To realise the dreams of both China and Africa, our media must play a significant role: First, our media must break the monopoly of the current international discourse. Being the biggest developing country in the world, China has a lot to share with Africa, the continent with the biggest number of developing countries. Second, our media should report China-Africa friendship positively. The traditional friendship between China and Africa is very precious indeed. It deserves thoughtful attention from both sides. It is normal for others to both admire and be suspicious about the current China-Africa relations. But this must not be in the case among the Chinese and African media players.

Most of the misunderstanding between China and Africa is superficial. Such misunderstanding is caused by poor communication, ignorance and unexplained cultural differences. Thankfully, the Chinese and African media have firsthand information on China- Africa realities. Both know when and how slander and falsehoods are thrown at China or Africa. And both media, no doubt, hold the key to greater cooperation between the two sides.

Third, our media should serve common development interests shared between China and Africa.
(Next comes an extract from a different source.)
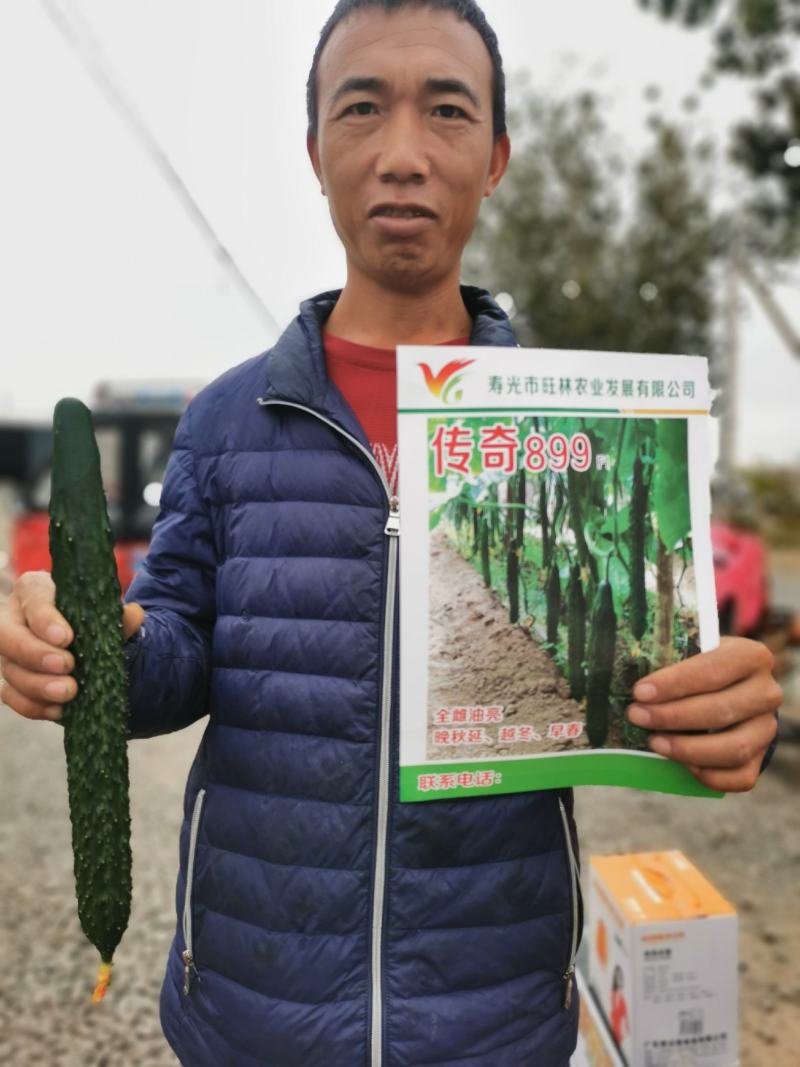 寿光传奇899黄瓜种子全雌油亮越冬早春把短头圆带瓜强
China is expected to invest 500 billion US dollars overseas in the next five years. Africa is one of the continents with the greatest development potential in the world and the main beneficiary from China's investment. The cooperation between China and Africa in energy, infrastructure, modern agriculture, manufacturing, tourism and so on enjoys and will continue to enjoy bright prospects.

To play rightful roles, I suggest that our media do the following things: With regard to goals, the Chinese and African media should strengthen capacity building to enhance their international clout. We particularly commend the African media for their efforts in supporting self-determination and resisting neo-colonisation. On our part, the Chinese media are ready to fully cooperate with their African counterparts in order to improve their capacity for communication and global recognition. Through this way, we shall tell the "story of China," the "story of Africa" and the "story of China-Africa friendship" to the global audience. In terms of the approach, our media should enhance direct communication so as to promote mutual understanding between the Chinese people and their African compatriots. To this end, both the Chinese and African media should increase coverage on each other.

Besides, both our media should invest in more research on China-Africa relations. This will bring our people much closer.

So far, four Chinese state media houses have established their African headquarters in Kenya and branches in other African countries. Besides, China intends to set up the "China-Africa Press Exchange Centre" in China. This facility will offer tremendous opportunities for positive reporting of China-Africa relations.

From this centre, our hope of telling our own story will come true. I warmly welcome African media to set up offices in China to gather and disseminate news to their audiences across Africa. In terms of scope, our media should both expand and diversify areas and methods of cooperation. Our media should engage in more practical partnership. They should strengthen cooperation in areas such as training, technical support, programme exchange and information sharing.

On her part, China, within its ability, will continue to provide assistance to Africa's media, particularly in capability building and technology development. China will support wellestablished and credible Chinese media and media-related companies to invest in Africa. Ultimately, our aim is to lend a hand to Africa's efforts in adapting to new media trends. In the next ten years, media cooperation will significantly impact the development of China-Africa relations. This cooperation will enhance the friendship between the Chinese people and the African people, and promote the cultural integration between our two sides.

I am confident that our joint efforts in improving China-Africa media cooperation and China-Africa new strategic partnership will usher us into a brighter future!

H.E. Liu Guangyuan is the Ambassador of the People's Republic Of China to the Republic of Kenya.